Tag Phrases are Great
You can repeat individual tags within phrases for an extra boost. For example: “tower, bridge, tower bridge, tower bridge london” gives you 3 mentions of “tower” and 3 mentions of “bridge” for an overall boost in the search results for “tower bridge”. Furthermore a phrase containing several tags is counted as only one tag towards your 50 tag limit.
Redbubble Doesn’t Like a Lot of Common Tags
Redbubble removes some tags (and the tag phrases that include them!) when you publish your design. It also removes some other tags from a user’s search string before showing results. Removed tags include: apparel, clothes, clothing, tee, tees, t-shirt, tshirt, t shirt, tee-shirt, shirt, leggings, dress, dresses, pillows, sweatshirt, sweats, trendy, trending, sticker, stickers, gift, gifts, present, presents, relevant, home decor, canvas, wall art … there are many more. Every time you use one of these tags you are wasting space in your tag field. After publishing, check your tags. (Note that Redbubble does not remove these “banned” tags from titles.
Descriptions Can Be Useful
If you are pinning your products on Pinterest, having a good description can save you a lot of time. Clicking the Pinterest Save Button while you are on your product page should give you an image with a good pin description already filled in.
Double-Check Your Design Position and Size
After you have saved your design, Redbubble will show you it on all the products you have enabled. It is worth examining this view quite closely to make sure your design is nicely positioned on each product and at the optimum size. For example, it took me several months to understand that the standard placement of my design on greetings cards was way too high, and that my mugs were defaulting to a view that obscured the design.
Why Building Sales Takes Time
Everyone says that you need to have patience with Redbubble. That if you keep uploading sales will come. But why do we need to wait? The obvious reason is that it takes time for the most important search engine of all, Google, to index your designs. When you start with Redbubble you are not going to have that many links in Google so you are not going to get much organic traffic. As you start to post links to your designs on social media and on various websites like Pinterest, Google will start paying more attention to you. But it takes time for your designs to get indexed and to be findable. Be aware that something like 90% of all webpages are NOT indexed by Google. Take steps to make sure at least some of your designs are linked from somewhere outside of Redbubble.
Follows and Favorites are Important
So at the start, Google isn’t going to be much use to you.

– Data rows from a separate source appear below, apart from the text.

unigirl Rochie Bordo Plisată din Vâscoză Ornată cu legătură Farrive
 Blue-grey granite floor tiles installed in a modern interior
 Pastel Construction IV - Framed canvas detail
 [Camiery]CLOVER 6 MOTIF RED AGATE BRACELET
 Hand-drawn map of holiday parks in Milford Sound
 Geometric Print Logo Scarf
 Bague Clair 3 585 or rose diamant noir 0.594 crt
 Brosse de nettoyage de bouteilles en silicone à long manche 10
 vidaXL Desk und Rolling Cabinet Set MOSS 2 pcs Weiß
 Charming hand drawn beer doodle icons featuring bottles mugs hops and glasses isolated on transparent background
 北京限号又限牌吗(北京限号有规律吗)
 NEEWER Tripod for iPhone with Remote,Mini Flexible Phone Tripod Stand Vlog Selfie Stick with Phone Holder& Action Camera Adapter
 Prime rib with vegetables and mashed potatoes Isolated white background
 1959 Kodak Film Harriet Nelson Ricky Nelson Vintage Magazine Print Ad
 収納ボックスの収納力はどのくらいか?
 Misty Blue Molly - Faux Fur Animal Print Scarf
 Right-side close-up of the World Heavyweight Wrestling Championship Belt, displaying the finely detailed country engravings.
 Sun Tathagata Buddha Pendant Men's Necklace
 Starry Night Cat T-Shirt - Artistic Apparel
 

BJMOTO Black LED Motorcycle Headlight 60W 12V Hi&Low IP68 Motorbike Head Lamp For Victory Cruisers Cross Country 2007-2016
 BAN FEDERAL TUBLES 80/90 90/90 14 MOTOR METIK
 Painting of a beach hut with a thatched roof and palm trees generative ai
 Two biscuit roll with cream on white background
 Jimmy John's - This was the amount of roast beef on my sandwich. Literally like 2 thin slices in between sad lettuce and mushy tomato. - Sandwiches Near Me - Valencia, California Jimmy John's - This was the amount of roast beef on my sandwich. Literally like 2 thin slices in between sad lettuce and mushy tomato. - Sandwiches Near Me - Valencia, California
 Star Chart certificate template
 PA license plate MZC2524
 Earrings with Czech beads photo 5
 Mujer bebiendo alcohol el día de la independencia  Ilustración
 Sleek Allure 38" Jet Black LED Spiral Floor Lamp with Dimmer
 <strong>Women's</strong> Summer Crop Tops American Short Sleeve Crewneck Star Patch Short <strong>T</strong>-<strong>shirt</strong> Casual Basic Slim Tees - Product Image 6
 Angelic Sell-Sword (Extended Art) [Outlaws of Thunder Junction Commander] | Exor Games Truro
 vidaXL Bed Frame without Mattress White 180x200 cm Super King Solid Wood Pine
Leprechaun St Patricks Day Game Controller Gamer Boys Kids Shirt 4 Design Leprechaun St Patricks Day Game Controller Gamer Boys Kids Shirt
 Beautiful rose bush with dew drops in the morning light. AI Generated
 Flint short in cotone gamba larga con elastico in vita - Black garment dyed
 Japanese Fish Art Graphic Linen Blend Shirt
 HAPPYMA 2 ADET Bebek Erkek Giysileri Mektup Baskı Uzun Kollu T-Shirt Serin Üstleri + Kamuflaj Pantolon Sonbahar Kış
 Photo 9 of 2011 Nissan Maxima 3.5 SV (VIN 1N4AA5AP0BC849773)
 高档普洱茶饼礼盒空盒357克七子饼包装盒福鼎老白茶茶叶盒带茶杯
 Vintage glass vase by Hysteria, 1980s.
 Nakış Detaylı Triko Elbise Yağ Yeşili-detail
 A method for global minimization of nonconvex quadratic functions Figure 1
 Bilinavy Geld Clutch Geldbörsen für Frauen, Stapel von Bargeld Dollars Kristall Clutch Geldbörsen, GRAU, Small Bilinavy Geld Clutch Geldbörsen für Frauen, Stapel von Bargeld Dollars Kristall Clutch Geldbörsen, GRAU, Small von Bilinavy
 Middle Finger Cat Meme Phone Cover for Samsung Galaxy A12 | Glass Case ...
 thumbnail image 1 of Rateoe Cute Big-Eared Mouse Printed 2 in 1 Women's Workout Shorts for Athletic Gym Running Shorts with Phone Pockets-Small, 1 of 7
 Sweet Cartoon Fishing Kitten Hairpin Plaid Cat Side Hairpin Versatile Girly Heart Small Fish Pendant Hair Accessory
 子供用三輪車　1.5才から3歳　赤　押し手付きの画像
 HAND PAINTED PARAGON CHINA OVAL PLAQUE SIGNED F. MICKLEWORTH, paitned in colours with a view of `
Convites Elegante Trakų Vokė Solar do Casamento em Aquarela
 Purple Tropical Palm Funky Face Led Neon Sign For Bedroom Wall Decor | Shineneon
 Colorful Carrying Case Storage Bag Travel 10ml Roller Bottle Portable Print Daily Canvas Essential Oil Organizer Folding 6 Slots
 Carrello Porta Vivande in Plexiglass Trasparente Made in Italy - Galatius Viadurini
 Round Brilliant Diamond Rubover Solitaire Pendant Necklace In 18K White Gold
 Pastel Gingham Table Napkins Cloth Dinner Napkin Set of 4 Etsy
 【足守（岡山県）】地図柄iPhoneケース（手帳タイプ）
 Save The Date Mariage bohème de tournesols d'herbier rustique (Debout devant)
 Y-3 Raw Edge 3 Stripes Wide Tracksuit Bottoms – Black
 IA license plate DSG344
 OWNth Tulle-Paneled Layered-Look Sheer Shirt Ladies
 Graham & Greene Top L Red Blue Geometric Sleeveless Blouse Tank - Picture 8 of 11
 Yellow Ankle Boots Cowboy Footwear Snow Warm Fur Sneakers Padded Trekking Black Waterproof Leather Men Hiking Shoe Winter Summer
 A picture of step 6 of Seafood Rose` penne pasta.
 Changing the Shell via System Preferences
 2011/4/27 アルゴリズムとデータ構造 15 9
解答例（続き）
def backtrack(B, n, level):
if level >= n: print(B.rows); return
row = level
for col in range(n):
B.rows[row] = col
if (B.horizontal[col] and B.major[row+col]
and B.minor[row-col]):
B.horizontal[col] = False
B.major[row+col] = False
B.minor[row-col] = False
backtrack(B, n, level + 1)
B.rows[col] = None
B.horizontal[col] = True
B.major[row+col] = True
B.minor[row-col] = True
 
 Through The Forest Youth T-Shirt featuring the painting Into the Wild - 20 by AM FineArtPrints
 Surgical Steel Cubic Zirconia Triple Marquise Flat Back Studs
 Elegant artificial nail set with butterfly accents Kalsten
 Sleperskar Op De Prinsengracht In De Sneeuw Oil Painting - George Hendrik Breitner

Rather you are going to need to rely on internal traffic at the Redbubble site itself. Obviously this means that you need to have good tags on your designs (see tips above). But it also seems obvious to me that that the more followers you profile has, and the more favorites your designs have, the better that internal traffic will be. Having followers internally gives you “link juice” — the reputation of your followers tends to rub off on you. The more followers you have the more likely your designs are likely to get a good reputation in Google. Not proven, but also likely, having many favorites is quite likely to improve the position of your product in the Redbubble search results.
If you are interested, join my Facebook Follows and Favorites group, which is dedicated to building these internal links.
And if you find this post is helpful and want to say “thanks”, follow me on Redbubble and like a few of my designs. You can find my shop here: tiokvadrat.redbubble.com.
I wanted to find out how to use Pinterest to create a “shopfront” for some of the products in my Redbubble store Tiokvadrat. This is how I went about doing that.
I will be applying many of the lessons I learned in my previous post, “Effective Pinterest Pins and Boards“, where I took an in depth look at how one experienced user’s was succeeding with Pinterest. I will be creating pins for my some of my mug designs in my shop on Redbubble. I won’t actually be selling the products here, this is just the shop window. (I think it important to think along the lines of being a shop owner.)
I will be using the Google Chrome browser for this task, with the Pinterest Save Button extension installed. That’s all the tools I need. I’ll be working on desktop because, although all this is possible on mobile, it can all get a little fiddly at the small size. It’s nice to have some big browser windows open when working — but remember, 75% of users view Pinterest and Redbubble through mobile devices.
I start by creating a new board at Pinterest. I want to create the board in my free business account at Pinterest (which is available once you have joined Pinterest as a member). Later, I will be able to later get some helpful visitor statistics. (Alternatively, I could just create a normal user board, but then I won’t get those statistics.) Creating a new board is as simple, I just visit my business profile on Pinterest and click Create board.
I name the new board Mugs and Cups by Tiokvadrat:
That’s two keywords and a brand name. A name that’s short enough to show well later. I leave the Visibility box unchecked because I certainly don’t want to hide this board, that would defeat the whole point of creating it.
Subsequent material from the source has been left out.